__DATA SEGMENT__

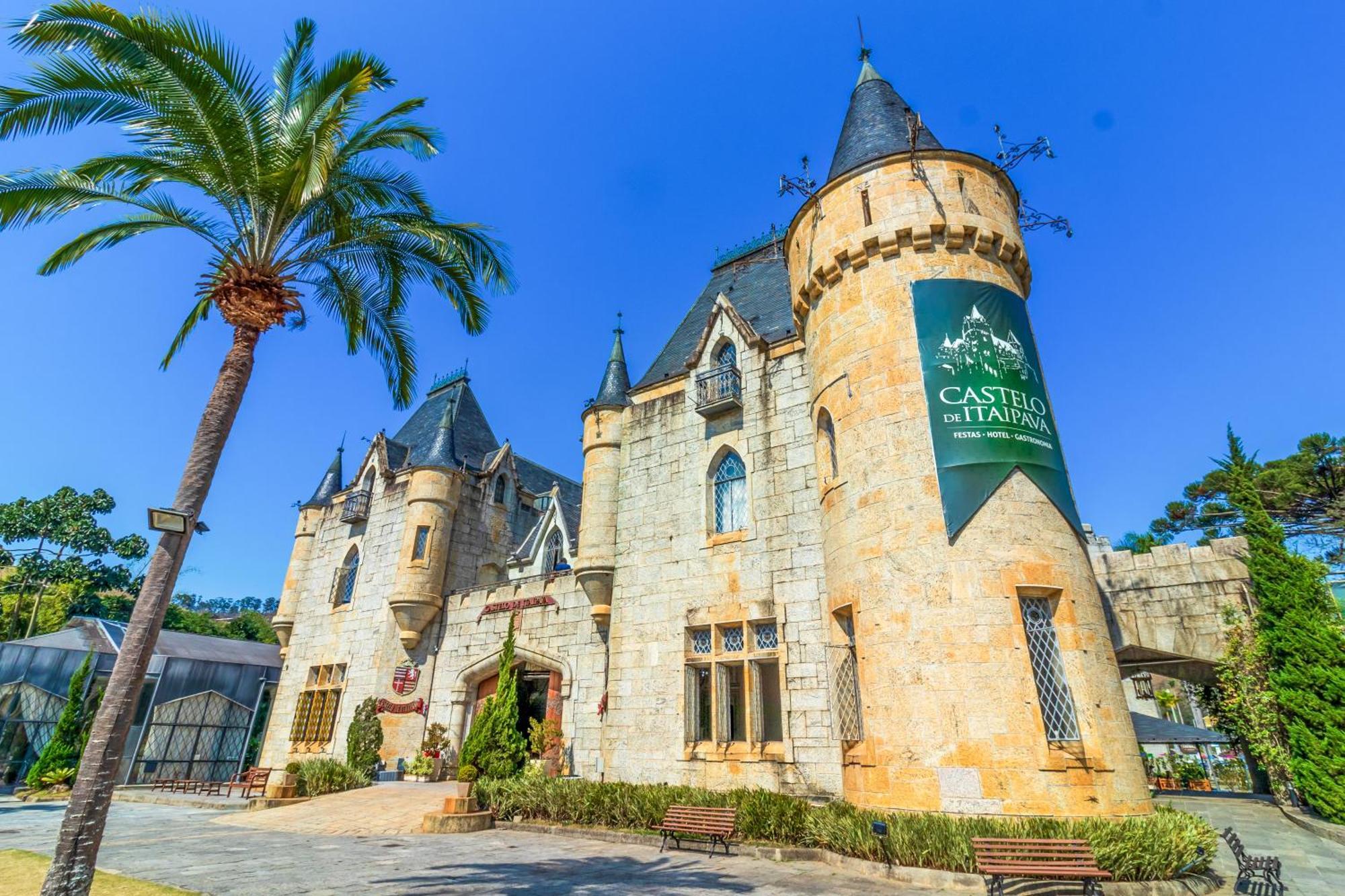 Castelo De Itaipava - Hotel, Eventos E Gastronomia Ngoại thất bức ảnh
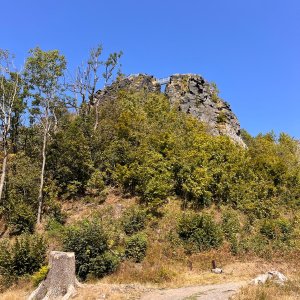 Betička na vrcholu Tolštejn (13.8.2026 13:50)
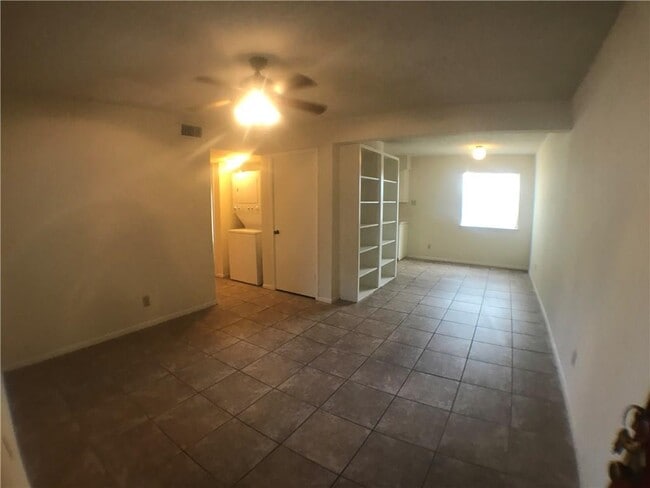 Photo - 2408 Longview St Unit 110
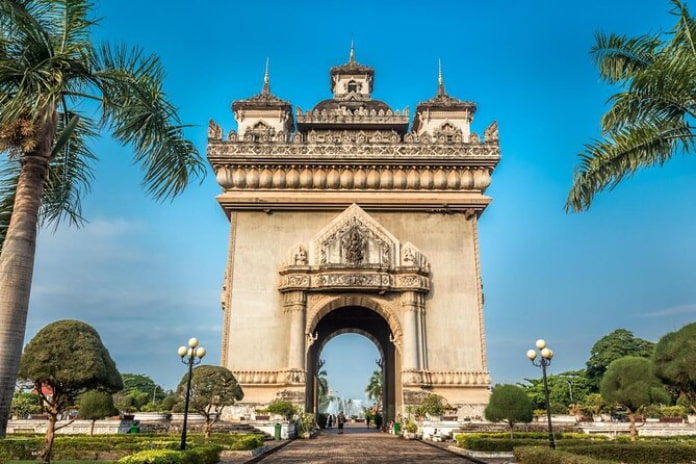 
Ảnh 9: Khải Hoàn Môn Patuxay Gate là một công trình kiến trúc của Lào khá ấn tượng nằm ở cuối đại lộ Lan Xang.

__WORK ORDER__
What is needed is every line from the one with "Photo - 2408 Longview St Unit 110" to the final line of the listing above, set down exactly and with the pictures left out.

__TASK OUTPUT__
 Photo - 2408 Longview St Unit 110
Ảnh 9: Khải Hoàn Môn Patuxay Gate là một công trình kiến trúc của Lào khá ấn tượng nằm ở cuối đại lộ Lan Xang.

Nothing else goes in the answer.